→ TASK DIRECTIONS:
Pictures do not belong in the copy; restate the records below word for word.

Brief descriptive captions
##########
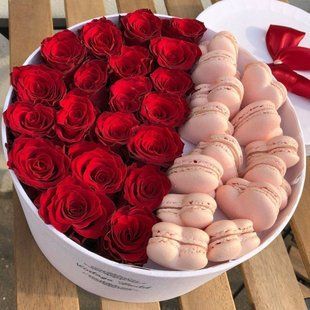 Red roses with macaroons in a large hat box, composition №2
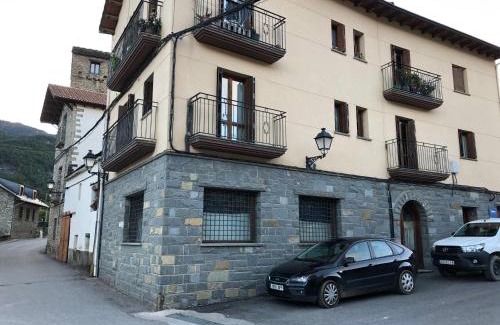 Fiscal Apartment | Family-Friendly Apartment La Bañera near Ordesa National Park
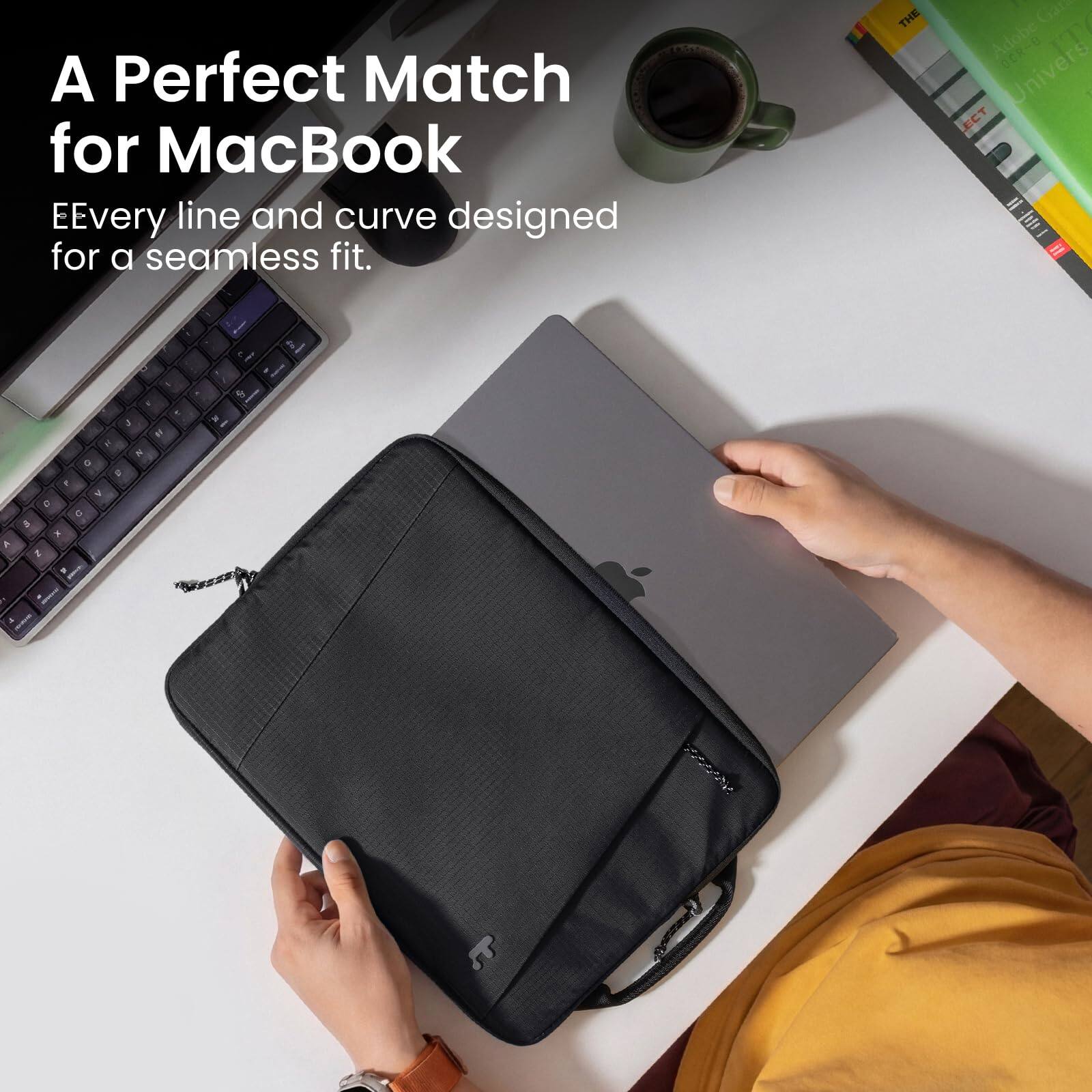A Perfect Match for MacBook  
Every line and curve designed for a seamless fit.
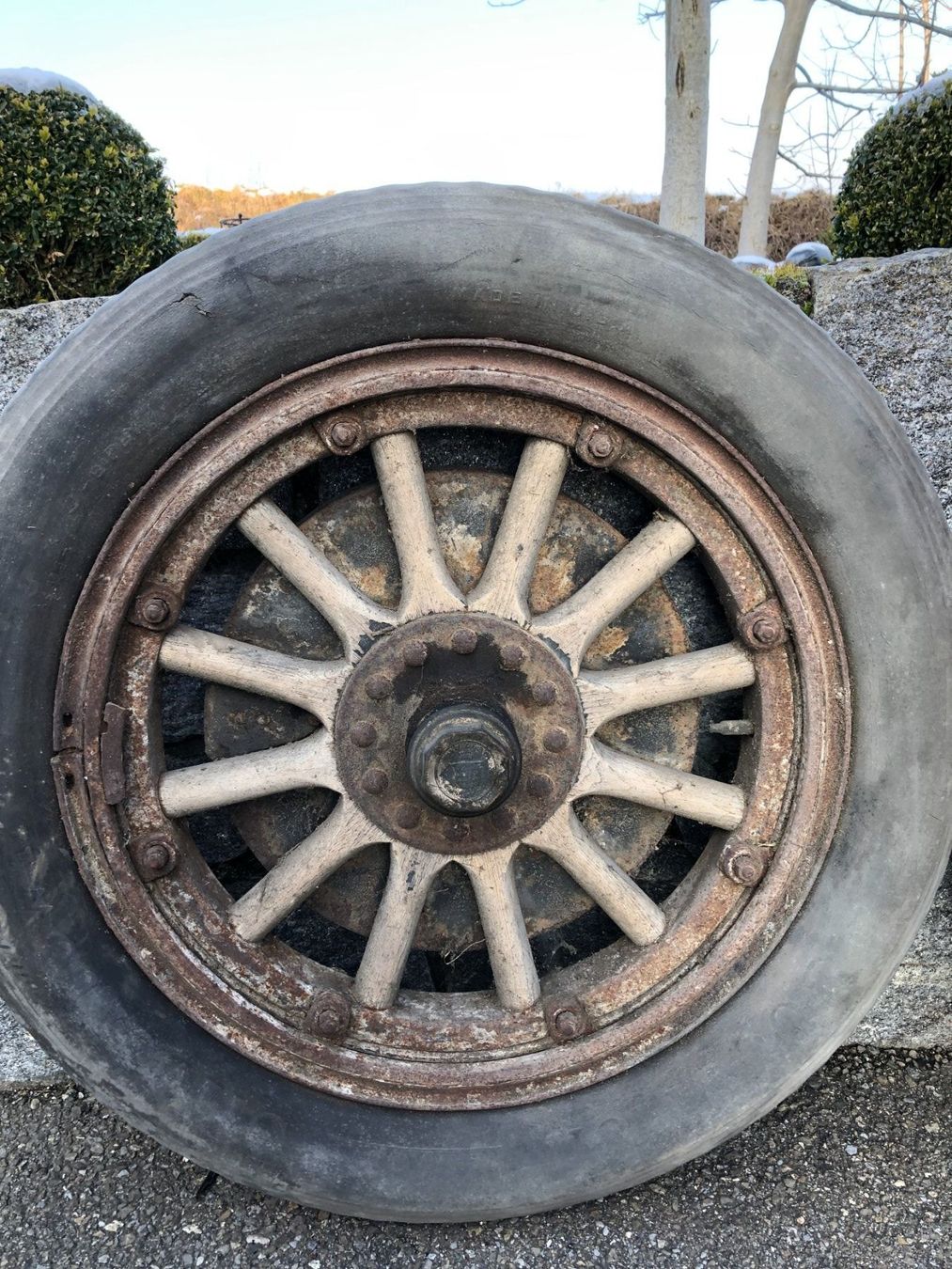 Cadillac Pneus & Kompletträder: Alte Cadillac Holzspeichen-Räder – Gebraucht aus Beinwil (Freiamt) von Zedel1923 1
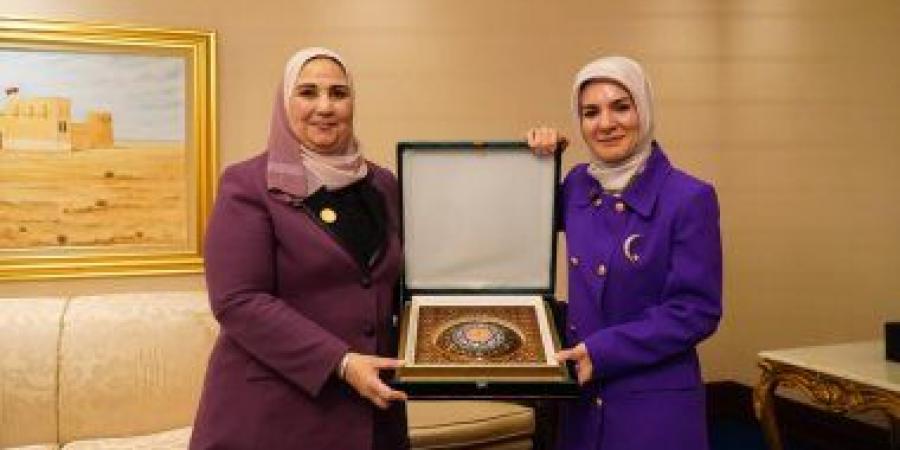 بالبلدي: وزيرة التضامن تلتقى وزيرة الأسرة والخدمات الاجتماعية بتركيا لبحث معرض التراث الحرفى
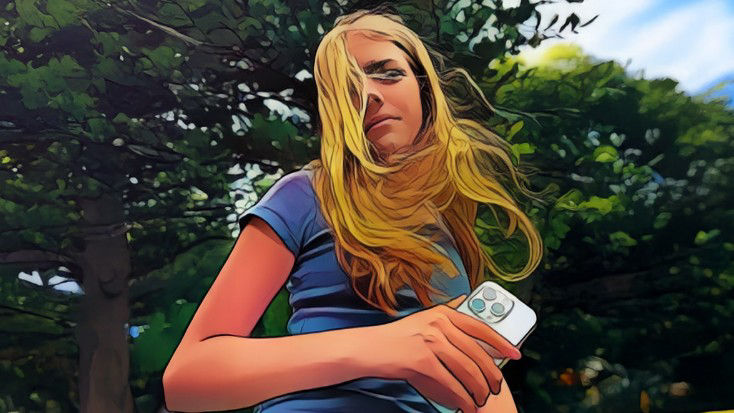 Mädchen hält ihr Handy in der Hand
##########
→ EXERCISE RESPONSE:
 Red roses with macaroons in a large hat box, composition №2
 Fiscal Apartment | Family-Friendly Apartment La Bañera near Ordesa National Park
A Perfect Match for MacBook  
Every line and curve designed for a seamless fit.
 Cadillac Pneus & Kompletträder: Alte Cadillac Holzspeichen-Räder – Gebraucht aus Beinwil (Freiamt) von Zedel1923 1
 بالبلدي: وزيرة التضامن تلتقى وزيرة الأسرة والخدمات الاجتماعية بتركيا لبحث معرض التراث الحرفى
 Mädchen hält ihr Handy in der Hand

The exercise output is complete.